* [TASK TO CARRY OUT] If pictures appear in the lines below, skip them and copy exactly the lines from the one containing "Goggles Motorcycle Riding" through the one containing "Blanket Ladder for", and nothing else.

* [EXERCISE INPUT]
· · · · · · ·
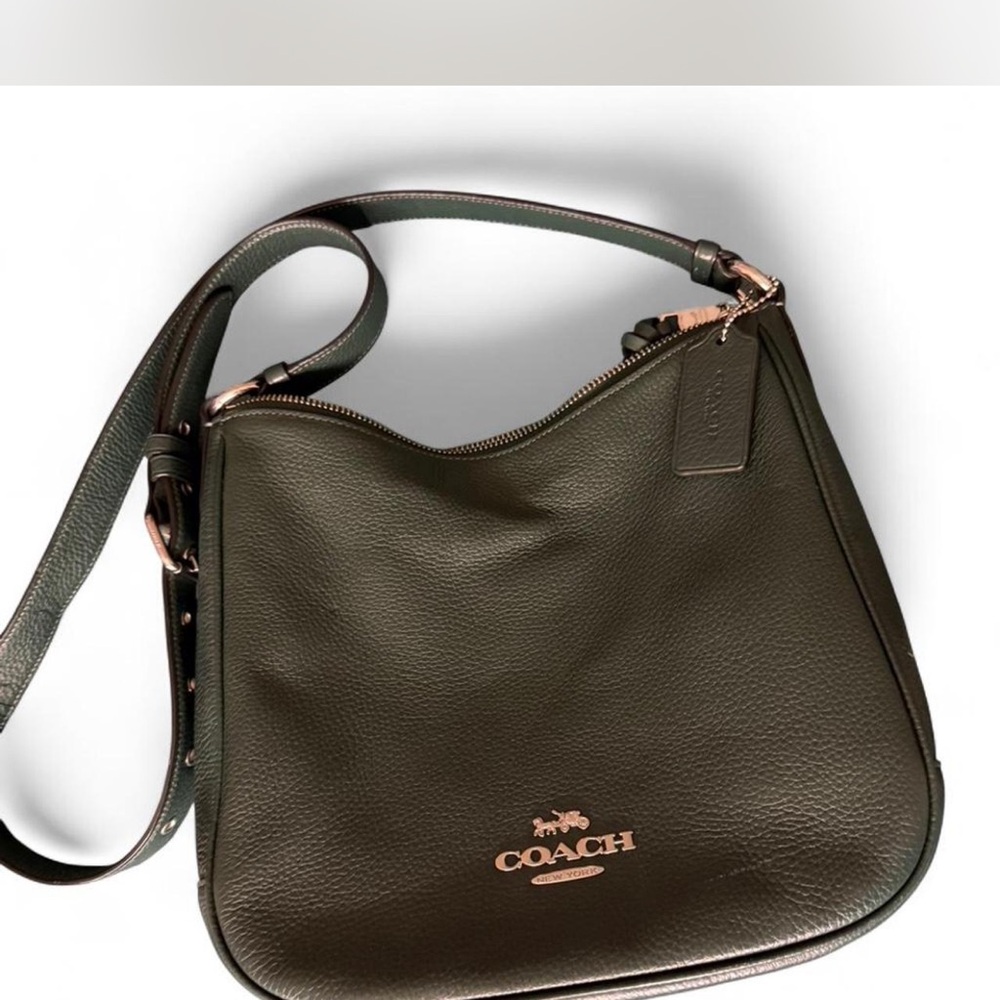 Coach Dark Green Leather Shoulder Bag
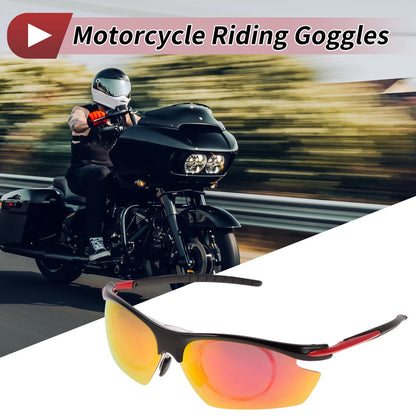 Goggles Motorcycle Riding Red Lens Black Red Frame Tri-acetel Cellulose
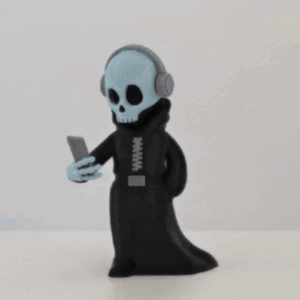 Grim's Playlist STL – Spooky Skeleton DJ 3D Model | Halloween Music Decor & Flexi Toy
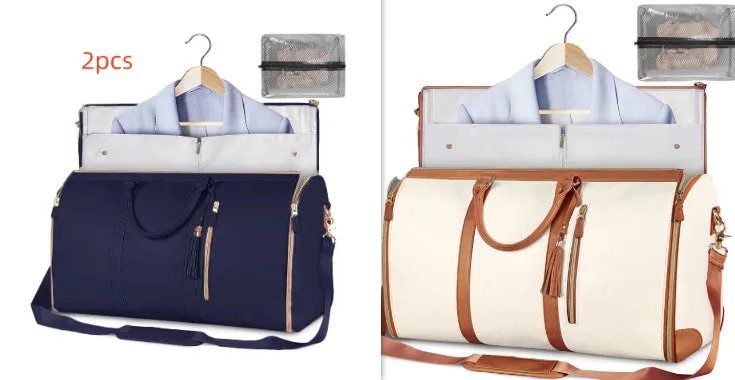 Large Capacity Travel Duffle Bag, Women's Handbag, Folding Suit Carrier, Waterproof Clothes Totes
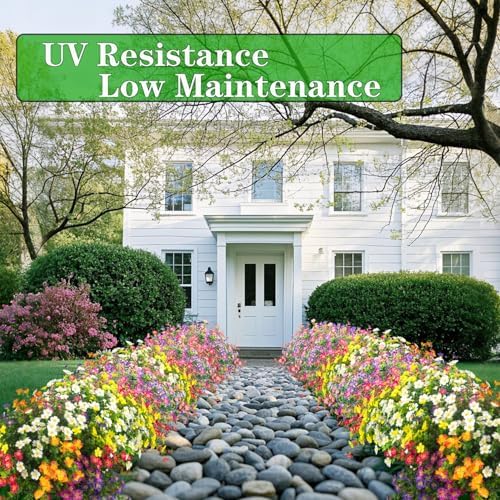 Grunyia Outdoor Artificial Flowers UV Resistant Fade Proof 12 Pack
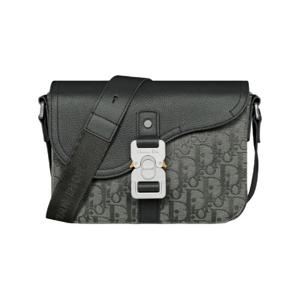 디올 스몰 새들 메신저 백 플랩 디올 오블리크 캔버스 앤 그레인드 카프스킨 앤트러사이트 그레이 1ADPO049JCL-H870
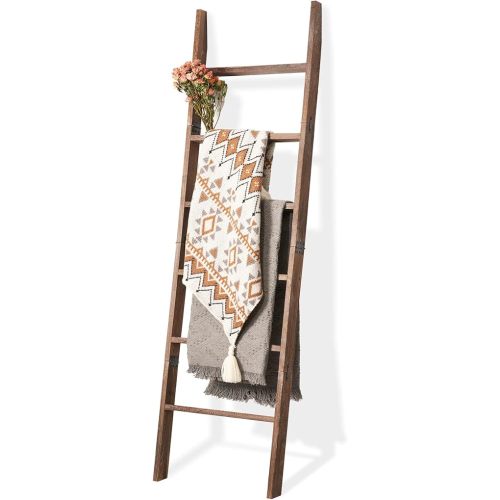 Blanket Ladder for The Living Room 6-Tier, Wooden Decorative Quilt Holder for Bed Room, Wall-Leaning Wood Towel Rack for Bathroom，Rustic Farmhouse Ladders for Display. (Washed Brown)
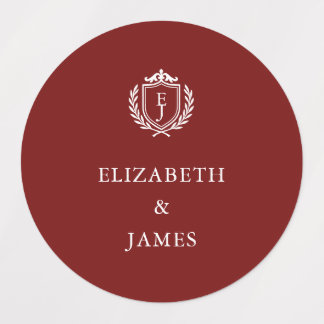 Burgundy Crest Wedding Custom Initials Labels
· · · · · · ·
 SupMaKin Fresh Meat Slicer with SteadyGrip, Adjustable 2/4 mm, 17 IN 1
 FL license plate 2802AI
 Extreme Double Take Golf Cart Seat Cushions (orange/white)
· · · · · · ·
* [ANSWER TO THIS TASK]
 Goggles Motorcycle Riding Red Lens Black Red Frame Tri-acetel Cellulose
 Grim's Playlist STL – Spooky Skeleton DJ 3D Model | Halloween Music Decor & Flexi Toy
 Large Capacity Travel Duffle Bag, Women's Handbag, Folding Suit Carrier, Waterproof Clothes Totes
 Grunyia Outdoor Artificial Flowers UV Resistant Fade Proof 12 Pack
 디올 스몰 새들 메신저 백 플랩 디올 오블리크 캔버스 앤 그레인드 카프스킨 앤트러사이트 그레이 1ADPO049JCL-H870
 Blanket Ladder for The Living Room 6-Tier, Wooden Decorative Quilt Holder for Bed Room, Wall-Leaning Wood Towel Rack for Bathroom，Rustic Farmhouse Ladders for Display. (Washed Brown)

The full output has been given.